Take the entries that follow and write them out again, word for word.

▶ [INPUT DATA]:
+===+

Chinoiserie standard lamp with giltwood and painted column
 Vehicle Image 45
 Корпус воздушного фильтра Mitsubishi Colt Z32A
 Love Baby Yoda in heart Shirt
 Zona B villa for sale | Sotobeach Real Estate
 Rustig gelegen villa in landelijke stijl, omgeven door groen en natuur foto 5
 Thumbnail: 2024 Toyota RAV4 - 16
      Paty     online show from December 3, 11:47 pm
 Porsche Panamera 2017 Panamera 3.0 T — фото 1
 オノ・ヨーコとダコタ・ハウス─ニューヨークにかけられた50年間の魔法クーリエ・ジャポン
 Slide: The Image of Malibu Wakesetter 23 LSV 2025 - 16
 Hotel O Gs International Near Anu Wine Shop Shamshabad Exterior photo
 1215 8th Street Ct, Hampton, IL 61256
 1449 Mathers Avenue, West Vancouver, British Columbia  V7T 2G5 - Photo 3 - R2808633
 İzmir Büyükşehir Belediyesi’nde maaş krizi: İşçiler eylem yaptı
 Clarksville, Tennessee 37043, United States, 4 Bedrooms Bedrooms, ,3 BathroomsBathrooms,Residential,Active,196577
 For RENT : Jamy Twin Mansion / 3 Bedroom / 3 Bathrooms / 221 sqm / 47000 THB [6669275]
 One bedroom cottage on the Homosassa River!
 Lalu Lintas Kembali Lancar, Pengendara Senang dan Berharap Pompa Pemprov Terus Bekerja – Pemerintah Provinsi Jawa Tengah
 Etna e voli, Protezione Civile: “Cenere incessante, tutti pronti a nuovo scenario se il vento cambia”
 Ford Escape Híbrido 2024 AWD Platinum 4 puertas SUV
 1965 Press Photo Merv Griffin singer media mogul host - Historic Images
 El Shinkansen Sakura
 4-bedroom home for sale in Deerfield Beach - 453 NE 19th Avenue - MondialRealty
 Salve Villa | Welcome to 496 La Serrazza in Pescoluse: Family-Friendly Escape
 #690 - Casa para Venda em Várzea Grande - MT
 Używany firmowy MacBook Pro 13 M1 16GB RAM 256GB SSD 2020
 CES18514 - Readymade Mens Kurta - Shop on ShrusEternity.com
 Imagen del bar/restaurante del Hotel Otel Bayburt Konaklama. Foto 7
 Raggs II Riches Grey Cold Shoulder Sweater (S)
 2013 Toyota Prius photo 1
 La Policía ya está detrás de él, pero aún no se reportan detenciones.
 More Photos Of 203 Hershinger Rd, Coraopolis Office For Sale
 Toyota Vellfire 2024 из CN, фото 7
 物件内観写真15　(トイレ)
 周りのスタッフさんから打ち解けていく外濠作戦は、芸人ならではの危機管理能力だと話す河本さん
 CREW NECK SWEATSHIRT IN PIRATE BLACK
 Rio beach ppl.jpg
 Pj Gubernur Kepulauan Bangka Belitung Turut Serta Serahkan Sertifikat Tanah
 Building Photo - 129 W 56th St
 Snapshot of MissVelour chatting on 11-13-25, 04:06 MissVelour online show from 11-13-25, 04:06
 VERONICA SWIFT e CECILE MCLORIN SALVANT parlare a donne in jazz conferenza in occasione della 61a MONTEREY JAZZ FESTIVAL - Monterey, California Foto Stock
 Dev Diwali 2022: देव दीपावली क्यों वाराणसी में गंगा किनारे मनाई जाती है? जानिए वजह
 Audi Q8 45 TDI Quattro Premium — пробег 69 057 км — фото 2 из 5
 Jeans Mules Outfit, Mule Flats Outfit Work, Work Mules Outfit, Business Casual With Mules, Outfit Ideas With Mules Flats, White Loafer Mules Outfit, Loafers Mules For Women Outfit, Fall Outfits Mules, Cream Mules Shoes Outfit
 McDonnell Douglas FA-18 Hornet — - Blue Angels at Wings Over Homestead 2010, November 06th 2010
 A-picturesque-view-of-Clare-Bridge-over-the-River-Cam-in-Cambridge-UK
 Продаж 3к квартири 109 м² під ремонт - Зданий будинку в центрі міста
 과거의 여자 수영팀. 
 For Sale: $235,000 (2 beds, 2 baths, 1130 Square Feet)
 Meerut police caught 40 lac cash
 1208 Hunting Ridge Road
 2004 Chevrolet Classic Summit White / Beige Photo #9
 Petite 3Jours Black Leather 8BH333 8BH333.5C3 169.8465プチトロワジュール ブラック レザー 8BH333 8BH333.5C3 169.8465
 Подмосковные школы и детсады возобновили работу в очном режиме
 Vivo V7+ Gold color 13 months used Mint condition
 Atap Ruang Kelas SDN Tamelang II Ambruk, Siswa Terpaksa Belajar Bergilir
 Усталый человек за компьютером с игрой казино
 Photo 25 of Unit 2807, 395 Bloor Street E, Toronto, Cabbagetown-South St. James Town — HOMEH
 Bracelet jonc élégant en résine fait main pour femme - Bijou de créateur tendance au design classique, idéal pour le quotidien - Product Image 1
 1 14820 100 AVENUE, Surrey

+===+

▶ [WRITTEN ANSWER]:
Chinoiserie standard lamp with giltwood and painted column
 Vehicle Image 45
 Корпус воздушного фильтра Mitsubishi Colt Z32A
 Love Baby Yoda in heart Shirt
 Zona B villa for sale | Sotobeach Real Estate
 Rustig gelegen villa in landelijke stijl, omgeven door groen en natuur foto 5
 Thumbnail: 2024 Toyota RAV4 - 16
      Paty     online show from December 3, 11:47 pm
 Porsche Panamera 2017 Panamera 3.0 T — фото 1
 オノ・ヨーコとダコタ・ハウス─ニューヨークにかけられた50年間の魔法クーリエ・ジャポン
 Slide: The Image of Malibu Wakesetter 23 LSV 2025 - 16
 Hotel O Gs International Near Anu Wine Shop Shamshabad Exterior photo
 1215 8th Street Ct, Hampton, IL 61256
 1449 Mathers Avenue, West Vancouver, British Columbia  V7T 2G5 - Photo 3 - R2808633
 İzmir Büyükşehir Belediyesi’nde maaş krizi: İşçiler eylem yaptı
 Clarksville, Tennessee 37043, United States, 4 Bedrooms Bedrooms, ,3 BathroomsBathrooms,Residential,Active,196577
 For RENT : Jamy Twin Mansion / 3 Bedroom / 3 Bathrooms / 221 sqm / 47000 THB [6669275]
 One bedroom cottage on the Homosassa River!
 Lalu Lintas Kembali Lancar, Pengendara Senang dan Berharap Pompa Pemprov Terus Bekerja – Pemerintah Provinsi Jawa Tengah
 Etna e voli, Protezione Civile: “Cenere incessante, tutti pronti a nuovo scenario se il vento cambia”
 Ford Escape Híbrido 2024 AWD Platinum 4 puertas SUV
 1965 Press Photo Merv Griffin singer media mogul host - Historic Images
 El Shinkansen Sakura
 4-bedroom home for sale in Deerfield Beach - 453 NE 19th Avenue - MondialRealty
 Salve Villa | Welcome to 496 La Serrazza in Pescoluse: Family-Friendly Escape
 #690 - Casa para Venda em Várzea Grande - MT
 Używany firmowy MacBook Pro 13 M1 16GB RAM 256GB SSD 2020
 CES18514 - Readymade Mens Kurta - Shop on ShrusEternity.com
 Imagen del bar/restaurante del Hotel Otel Bayburt Konaklama. Foto 7
 Raggs II Riches Grey Cold Shoulder Sweater (S)
 2013 Toyota Prius photo 1
 La Policía ya está detrás de él, pero aún no se reportan detenciones.
 More Photos Of 203 Hershinger Rd, Coraopolis Office For Sale
 Toyota Vellfire 2024 из CN, фото 7
 物件内観写真15　(トイレ)
 周りのスタッフさんから打ち解けていく外濠作戦は、芸人ならではの危機管理能力だと話す河本さん
 CREW NECK SWEATSHIRT IN PIRATE BLACK
 Rio beach ppl.jpg
 Pj Gubernur Kepulauan Bangka Belitung Turut Serta Serahkan Sertifikat Tanah
 Building Photo - 129 W 56th St
 Snapshot of MissVelour chatting on 11-13-25, 04:06 MissVelour online show from 11-13-25, 04:06
 VERONICA SWIFT e CECILE MCLORIN SALVANT parlare a donne in jazz conferenza in occasione della 61a MONTEREY JAZZ FESTIVAL - Monterey, California Foto Stock
 Dev Diwali 2022: देव दीपावली क्यों वाराणसी में गंगा किनारे मनाई जाती है? जानिए वजह
 Audi Q8 45 TDI Quattro Premium — пробег 69 057 км — фото 2 из 5
 Jeans Mules Outfit, Mule Flats Outfit Work, Work Mules Outfit, Business Casual With Mules, Outfit Ideas With Mules Flats, White Loafer Mules Outfit, Loafers Mules For Women Outfit, Fall Outfits Mules, Cream Mules Shoes Outfit
 McDonnell Douglas FA-18 Hornet — - Blue Angels at Wings Over Homestead 2010, November 06th 2010
 A-picturesque-view-of-Clare-Bridge-over-the-River-Cam-in-Cambridge-UK
 Продаж 3к квартири 109 м² під ремонт - Зданий будинку в центрі міста
 과거의 여자 수영팀. 
 For Sale: $235,000 (2 beds, 2 baths, 1130 Square Feet)
 Meerut police caught 40 lac cash
 1208 Hunting Ridge Road
 2004 Chevrolet Classic Summit White / Beige Photo #9
 Petite 3Jours Black Leather 8BH333 8BH333.5C3 169.8465プチトロワジュール ブラック レザー 8BH333 8BH333.5C3 169.8465
 Подмосковные школы и детсады возобновили работу в очном режиме
 Vivo V7+ Gold color 13 months used Mint condition
 Atap Ruang Kelas SDN Tamelang II Ambruk, Siswa Terpaksa Belajar Bergilir
 Усталый человек за компьютером с игрой казино
 Photo 25 of Unit 2807, 395 Bloor Street E, Toronto, Cabbagetown-South St. James Town — HOMEH
 Bracelet jonc élégant en résine fait main pour femme - Bijou de créateur tendance au design classique, idéal pour le quotidien - Product Image 1
 1 14820 100 AVENUE, Surrey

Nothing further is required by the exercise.